2) Suppose that $x$ is not equal to $0$.

$x = \frac{0}{0} \Rightarrow 2x = 2 \cdot \frac{0}{0} = \frac{2 \cdot 0}{0} = \frac{0}{0} = x \Rightarrow x = 0 \Rightarrow$ contradiction

Therefore, it is not the case that $x$ is a real number that is not equal to $0$.

Therefore, $\frac{0}{0}$ is not a real number.

Q.E.D.


Update (2015-12-02)

If you accept the (almost) usual definition, that for all real numbers $a$, $b$ and $c$, we have $\frac{a}{b}=c$ iff $ a=cb $, then I think the following should be enough to exclude $\frac{0}{0}$ from the real numbers.

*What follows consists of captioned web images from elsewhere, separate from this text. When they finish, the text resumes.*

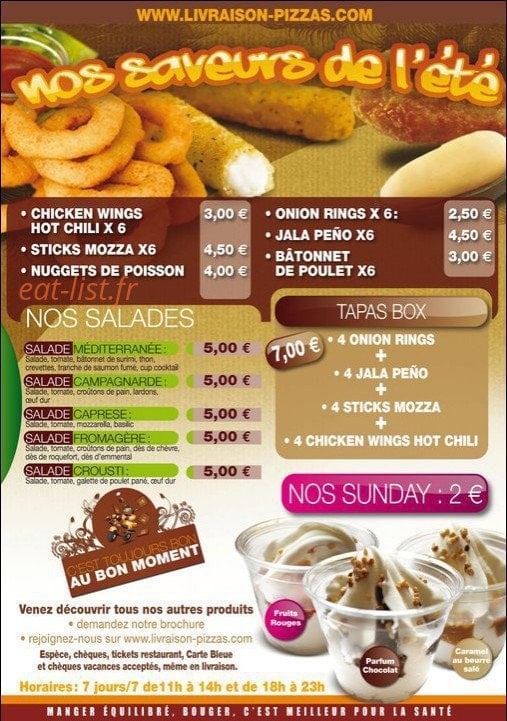 Carte et menu de Tony Pizz'Burgers à Bourg Argental — les salades et les tapas box
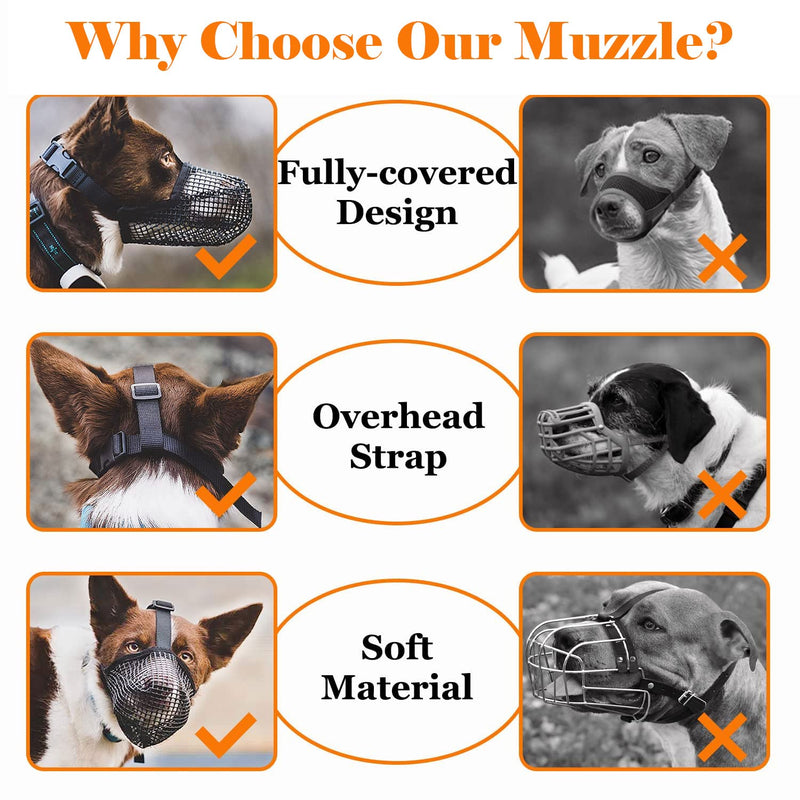 Nylon Mesh Dog Muzzle, Adjustable Breathable Mesh Muzzle, Breathable Muzzle for Medium Dogs, Nylon Dog Muzzle for Training, with Overhead Strap, Prevents Biting (M) M - PawsPlanet Australia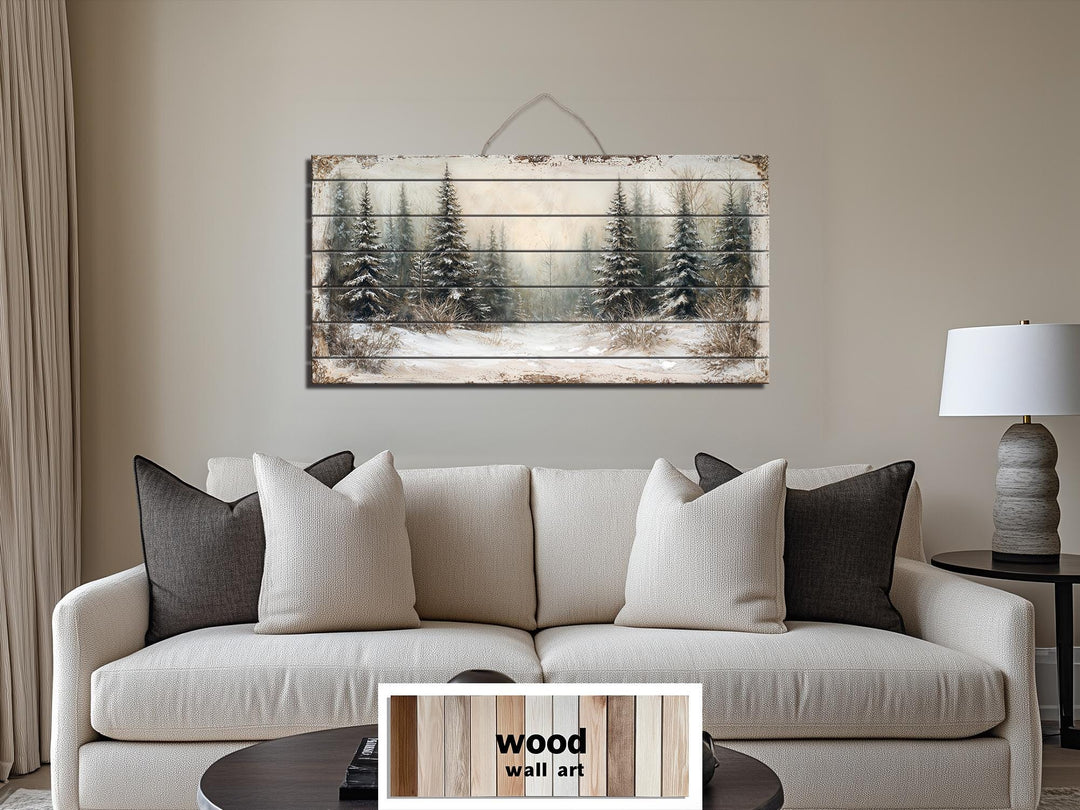 Winter Distressed Wood Wall Art – Rustic Snowy Pine Forest Painting on Wood Print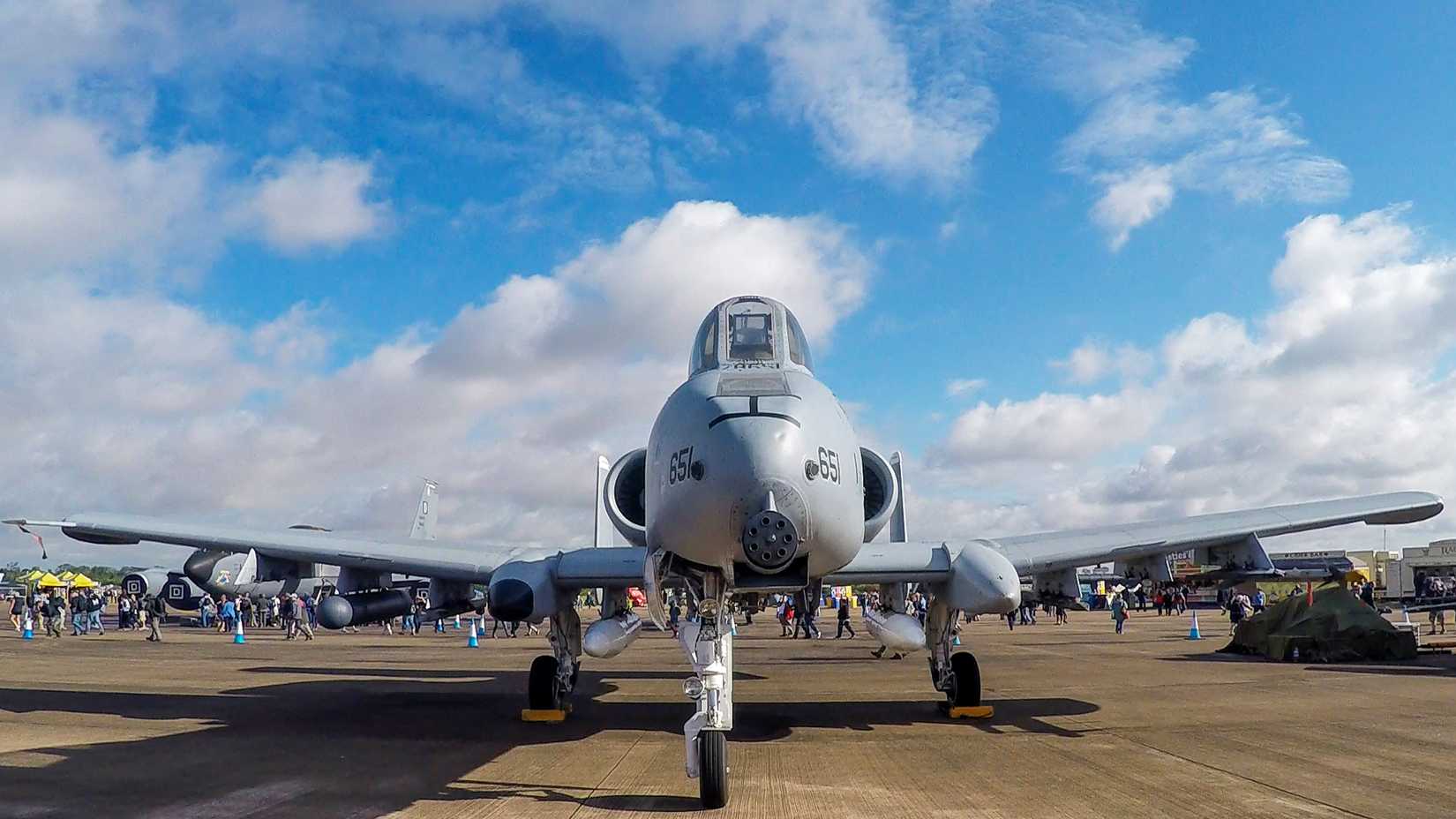 An A-10 Warthog With Landing Gear Out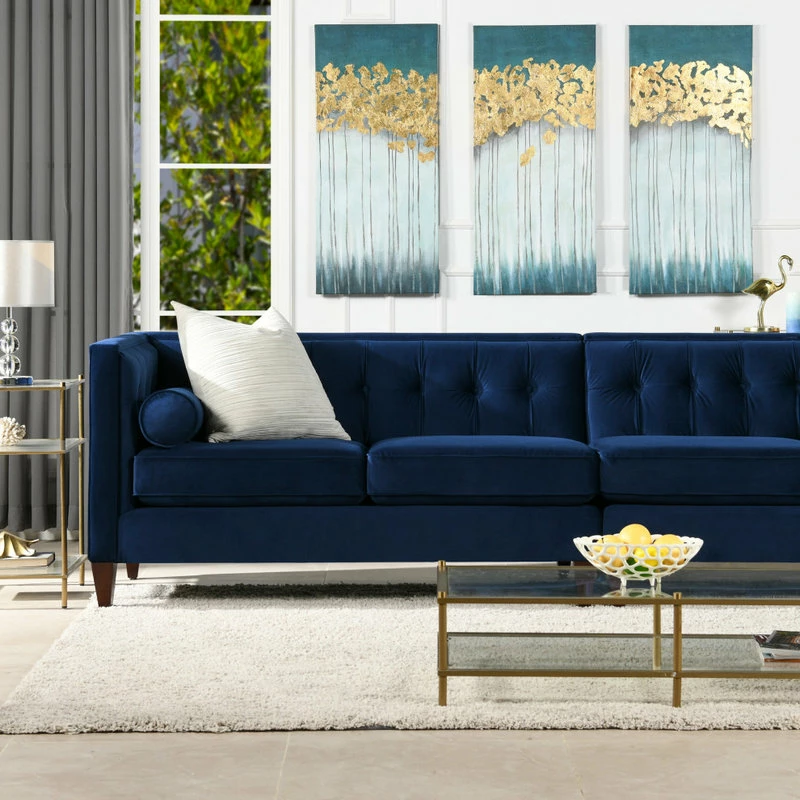 Jennifer Taylor Home Jack 118" Modern Tuxedo Tufted Long Modular Sofa, Navy Blue Velvet - Image 3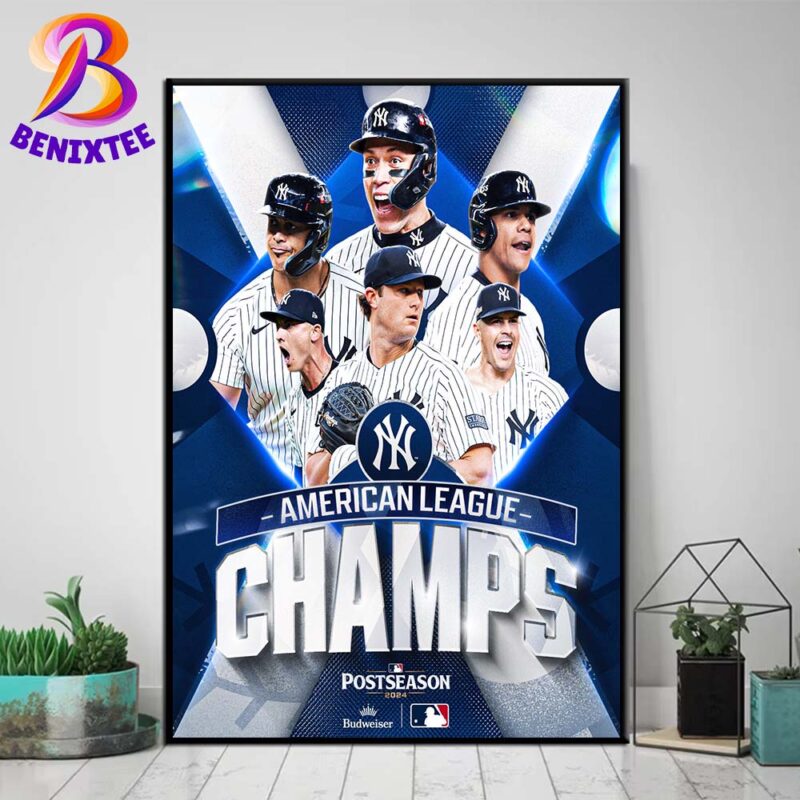 Congrats New York Yankees 2024 American League Champions Clinched MLB Postseason World Series 2024 Poster Canvas For Home Decor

Proposition 3: $\frac{0}{0}$ is not a real number

Proof: Suppose that $\frac{0}{0} = x$, where $x$ is a real number.

$\frac{0}{0}=x \Leftrightarrow x \cdot 0 = 0 = (x + 1) \cdot 0 \Leftrightarrow \frac{0}{0}=x+1$

$ \therefore x = x + 1 \Leftrightarrow 0 = 1 \Leftrightarrow \bot$

Q.E.D.


Update (2015-12-07):

How about the following improvement of Proposition 1 (it should be combined with a new definition of division and fraction, accounting for the $\frac{0}{0}$-case)?

Proposition 4: Suppose $\frac{0}{0}$ is defined, so that $\frac{0}{0} \in \mathbb{R}$, and that the rule $a \cdot \frac{b}{c} = \frac{a \cdot b}{c}$ holds for all real numbers $a$, $b$ and $c$. Then, $\frac{0}{0} = 0$

Proof: Suppose that $\frac{0}{0}=x$, where $x \ne 0$.

$x = \frac{0}{0} \Rightarrow 2x = 2 \cdot \frac{0}{0} = \frac{2 \cdot 0}{0} = \frac{0}{0} = x \Rightarrow x = 0 \Rightarrow \bot$

$\therefore \frac{0}{0}=0$

Q.E.D.


Suggested definition of division of real numbers:

If $b \ne 0$, then

$\frac{a}{b}=c$ iff $a=bc$

If $a=0$ and $b=0$, then

$\frac{a}{b}=0$

If $a \ne 0$ and $b=0$, then $\frac{a}{b}$ is undefined.


A somewhat more minimalistic version:

Proposition 5. If $\frac{0}{0}$ is defined, so that $\frac{0}{0} \in \mathbb{R}$, then $\frac{0}{0}=0$.

Proof: Suppose $\frac{0}{0} \in \mathbb{R}$ and that $\frac{0}{0}=a \ne 0$.

$a = \frac{0}{0} = \frac{2 \cdot 0}{0} = 2a \Rightarrow a = 0 \Rightarrow \bot$

$\therefore \frac{0}{0}=0$

Q.E.D.


Solution 1:

The error is in the very first implication. If $0/0$ is not equal to zero, there is no reason why $0/0$ must equal some $x$. There is no reason to believe that we can do this division and get a number.

Therefore you have a proof that $0/0$ cannot equal any nonzero $x$. Combine this with a proof that $0/0$ cannot equal zero, and you have proved that $0/0$ is not a number.

Solution 2:

Your proof assumes that $0/0$ is a number since your argument involves arithmetic operations.

Now, if we assume the usual rules of arithmetic for the rationals, why can't we do this: $$ \frac00+\frac11=\frac{0\times1+1\times0}{1\times0}=\frac00. $$ Then $$ 1=\frac11=0. $$

Solution 3:

In order to prove anything whatsoever about $\frac{0}{0}$, we need a definition of $\frac{a}{b}$ where $a$ and $b$ are, say, integers. The correct definition is $ \frac{a}{b} = ab^{-1}$, where the definition of $b^{-1}$ is the number (which is unique, when it exists, according to some basic properties of numbers) such that $bb^{-1} = 1$. But then one can see (again, assuming some basic properties of numbers) that $0^{-1}$ does not exist, so $\frac{0}{0}$ isn't even defined.